Begin your copy at the line with "Peugeot 208 Engine mounting bracket" in the records below and end it at the line with "2008 INFINITI G35", restating each line word for word; omit the pictures.

Provided material:

- - - - - - -

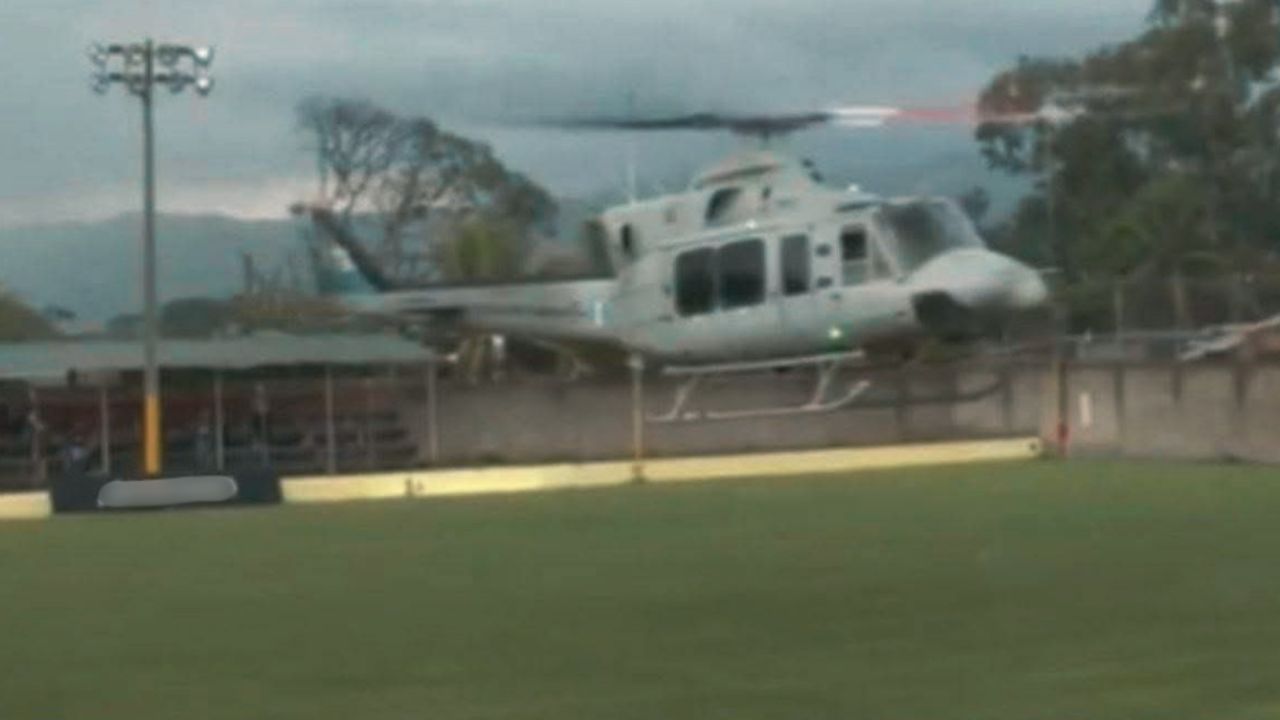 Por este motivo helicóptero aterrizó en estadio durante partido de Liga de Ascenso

- - - - - - -

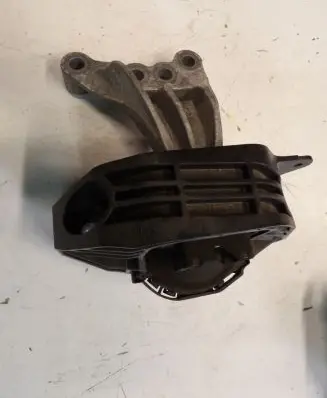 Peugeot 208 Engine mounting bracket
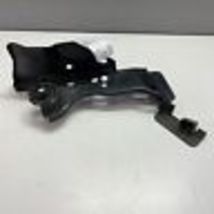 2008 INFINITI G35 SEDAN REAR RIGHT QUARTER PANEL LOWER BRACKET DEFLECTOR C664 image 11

- - - - - - -

Answer section:
 Peugeot 208 Engine mounting bracket
 2008 INFINITI G35 SEDAN REAR RIGHT QUARTER PANEL LOWER BRACKET DEFLECTOR C664 image 11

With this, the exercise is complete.